Abstract and Introduction
Abstract
Critical limb ischemia (CLI), an end result of peripheral arterial disease, remains a major clinical challenge. Wound healing in patients with CLI can be difficult due to diminished tissue oxygenation, often leading to recalcitrant ulcers and frequent limb loss. Numerous therapies, including hyperbaric oxygen therapy (HBOT), have been used to correct this regional ischemia, although often with mixed results. This case series investigates the effects of oxygen therapy delivery augmented by low-frequency ultrasound, a device that combines surface acoustic waveform (SAW) low-frequency ultrasound with hyper-oxygenated saline to deliver oxygen to wounds. Participants included 7 patients (7 men, median age 63 years, all with hypertension) with CLI and full-thickness wounds. Baseline therapy PaO2 measurements were taken before therapy, after provision of hyper-oxygenated saline, and after sonification. The device was found to successfully oxygenate the wound beds; PaO2 levels increased by a median of 59.7%, a maximum of 116%, and a median absolute difference peaking at 10.8 mmHg PaO2 (P = 0.018). In conclusion, the treatment increases wound oxygen levels and may be an option in CLI therapy.
Introduction
Critical limb ischemia (CLI), a condition that results from advanced peripheral arterial disease, retarding oxygen delivery to the affected extremity, is manifested by symptoms including constant lower extremity rest pain or nonhealing ulceration. Approximately 40% of patients with CLI require amputation of the affected limb, resulting in approximately 150,000 amputations in the United States annually.

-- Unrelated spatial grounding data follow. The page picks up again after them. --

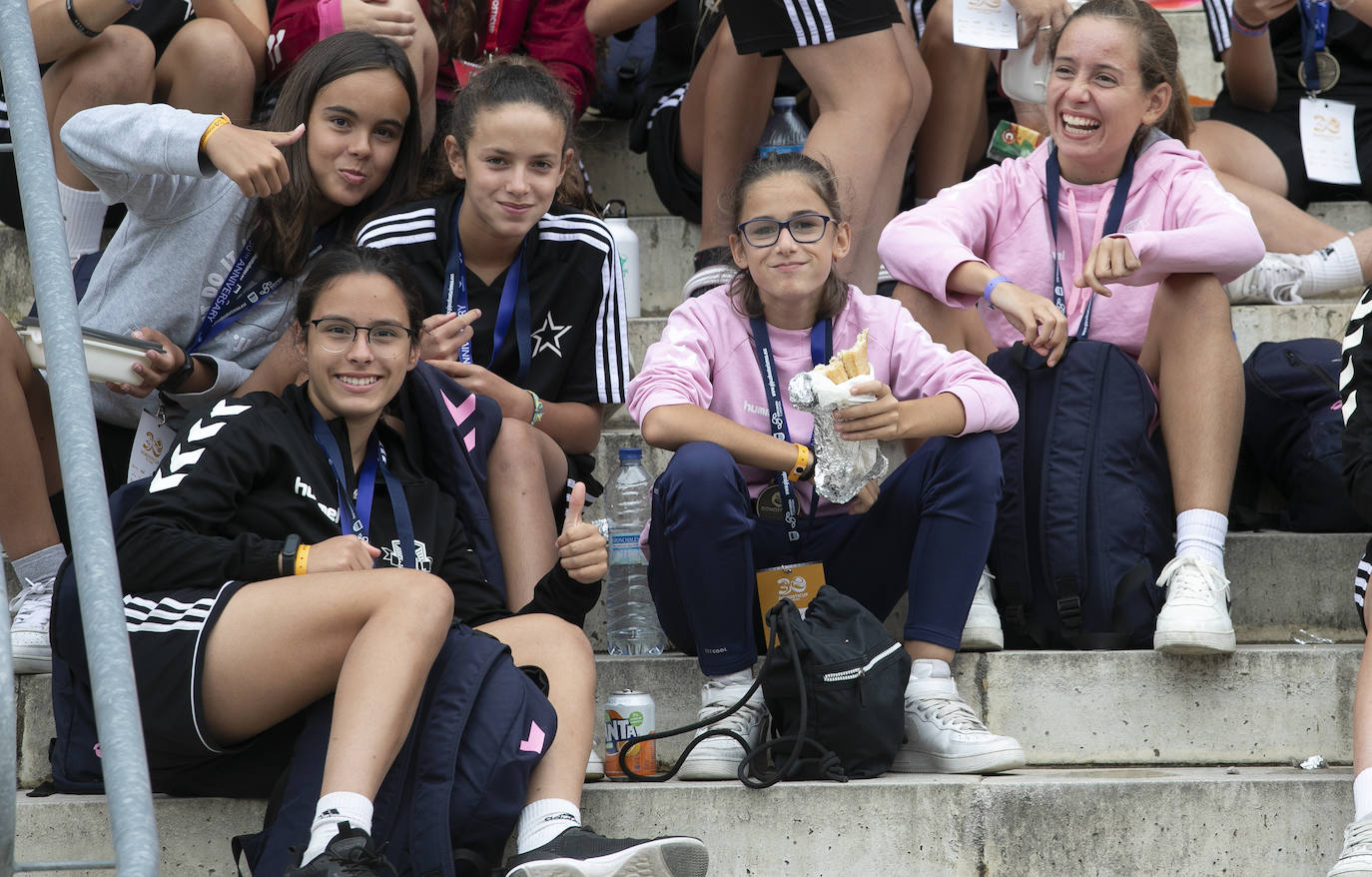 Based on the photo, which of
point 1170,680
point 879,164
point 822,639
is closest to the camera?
point 822,639

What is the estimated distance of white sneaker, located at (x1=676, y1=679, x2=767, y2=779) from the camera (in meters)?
2.62

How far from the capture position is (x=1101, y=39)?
330 cm

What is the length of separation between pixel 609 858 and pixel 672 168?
249 cm

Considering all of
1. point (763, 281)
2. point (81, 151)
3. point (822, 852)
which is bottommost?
point (822, 852)

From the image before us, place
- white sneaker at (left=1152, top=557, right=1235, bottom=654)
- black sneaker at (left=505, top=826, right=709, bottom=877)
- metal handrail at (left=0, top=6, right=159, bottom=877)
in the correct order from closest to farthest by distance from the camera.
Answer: metal handrail at (left=0, top=6, right=159, bottom=877)
black sneaker at (left=505, top=826, right=709, bottom=877)
white sneaker at (left=1152, top=557, right=1235, bottom=654)

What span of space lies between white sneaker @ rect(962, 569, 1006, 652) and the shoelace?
1787 mm

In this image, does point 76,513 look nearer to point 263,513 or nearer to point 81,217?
point 263,513

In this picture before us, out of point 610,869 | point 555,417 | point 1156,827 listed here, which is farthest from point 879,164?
point 610,869

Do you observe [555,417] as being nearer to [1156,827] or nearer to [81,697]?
[81,697]

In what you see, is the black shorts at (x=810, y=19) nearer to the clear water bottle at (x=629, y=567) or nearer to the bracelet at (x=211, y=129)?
the clear water bottle at (x=629, y=567)

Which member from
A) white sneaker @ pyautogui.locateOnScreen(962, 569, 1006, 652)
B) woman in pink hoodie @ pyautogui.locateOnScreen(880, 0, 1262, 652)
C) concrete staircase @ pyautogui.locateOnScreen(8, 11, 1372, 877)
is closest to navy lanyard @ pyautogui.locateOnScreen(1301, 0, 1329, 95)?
woman in pink hoodie @ pyautogui.locateOnScreen(880, 0, 1262, 652)

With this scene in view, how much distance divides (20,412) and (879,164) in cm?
199

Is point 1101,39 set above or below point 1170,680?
above

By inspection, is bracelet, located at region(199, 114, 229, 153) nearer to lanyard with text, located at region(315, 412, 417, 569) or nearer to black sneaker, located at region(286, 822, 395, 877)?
lanyard with text, located at region(315, 412, 417, 569) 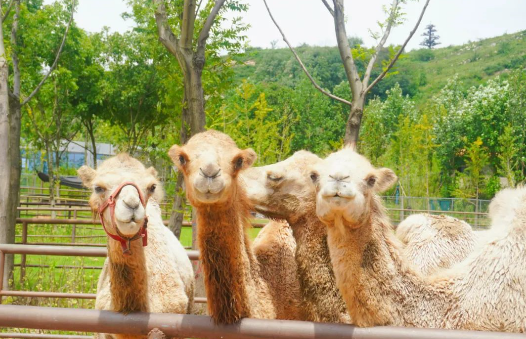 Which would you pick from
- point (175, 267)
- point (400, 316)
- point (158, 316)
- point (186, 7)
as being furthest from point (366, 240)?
point (186, 7)

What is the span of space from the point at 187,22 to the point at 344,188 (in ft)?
9.92

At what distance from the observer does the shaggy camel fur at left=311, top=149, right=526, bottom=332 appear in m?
3.07

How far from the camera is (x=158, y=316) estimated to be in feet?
8.48

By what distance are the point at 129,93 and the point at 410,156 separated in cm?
1092

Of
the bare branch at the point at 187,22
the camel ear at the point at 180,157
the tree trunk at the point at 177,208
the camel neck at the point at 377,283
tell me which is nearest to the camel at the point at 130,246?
the camel ear at the point at 180,157

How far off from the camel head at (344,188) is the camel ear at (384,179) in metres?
0.06

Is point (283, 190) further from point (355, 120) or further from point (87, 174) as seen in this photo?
point (87, 174)

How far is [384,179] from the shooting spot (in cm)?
361

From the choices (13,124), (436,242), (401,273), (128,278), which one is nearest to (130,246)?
(128,278)

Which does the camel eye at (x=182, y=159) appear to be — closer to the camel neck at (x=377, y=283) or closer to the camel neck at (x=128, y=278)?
the camel neck at (x=128, y=278)

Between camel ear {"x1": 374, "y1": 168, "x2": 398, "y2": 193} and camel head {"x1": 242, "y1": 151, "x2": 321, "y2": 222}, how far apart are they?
0.65m

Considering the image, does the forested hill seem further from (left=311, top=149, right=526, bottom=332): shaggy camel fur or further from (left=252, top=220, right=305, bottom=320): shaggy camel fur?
(left=311, top=149, right=526, bottom=332): shaggy camel fur

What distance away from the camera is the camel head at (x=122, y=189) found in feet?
10.4

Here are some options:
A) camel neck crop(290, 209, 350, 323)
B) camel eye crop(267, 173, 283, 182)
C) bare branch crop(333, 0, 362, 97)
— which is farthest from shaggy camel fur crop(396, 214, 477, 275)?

Oxygen is involved with several crucial steps of wound healing and is considered the rate-limiting factor of wound improvement. Serving as a nutrient for cell metabolism, phagocytes and other cells of the immune system convert oxygen into reactive oxygen species (ROS) that are then used for wound healing. Moreover, oxygen promotes angiogenesis through inducing vascular endothelial growth factor (VEGF) transcription and myofibroblast production, and functions as a cofactor in collagen synthesis.
Historically, low-frequency ultrasound (<100 kHz) has been used to increase the rate at which drugs and macromolecules are absorbed through cell membranes and the epidermal stratum corneum. The mechanisms associated with this process are poorly understood, although they are likely due to a combination of cavitation and acoustic streaming. Furthermore, therapeutic ultrasound has been shown to decrease bacterial resistance to antibiotics, suggesting enhanced permeability of micro-organisms in this setting.
Normal saline solutions exhibit 6 ppm to 8 ppm of dissolved oxygen gas at sea level. By using a sparging technique, which entails the replacement of dissolved nitrogen, gas levels exceeding 24 ppm or more can be demonstrated. This gas replacement, or sparging, technique is defined by Henry's Law of Partial Pressure.
The purpose of this study was to determine whether a surface acoustic waveform (SAW) low-frequency ultrasound device paired with hyper-oxygenated saline could synergistically deliver oxygen to wounds.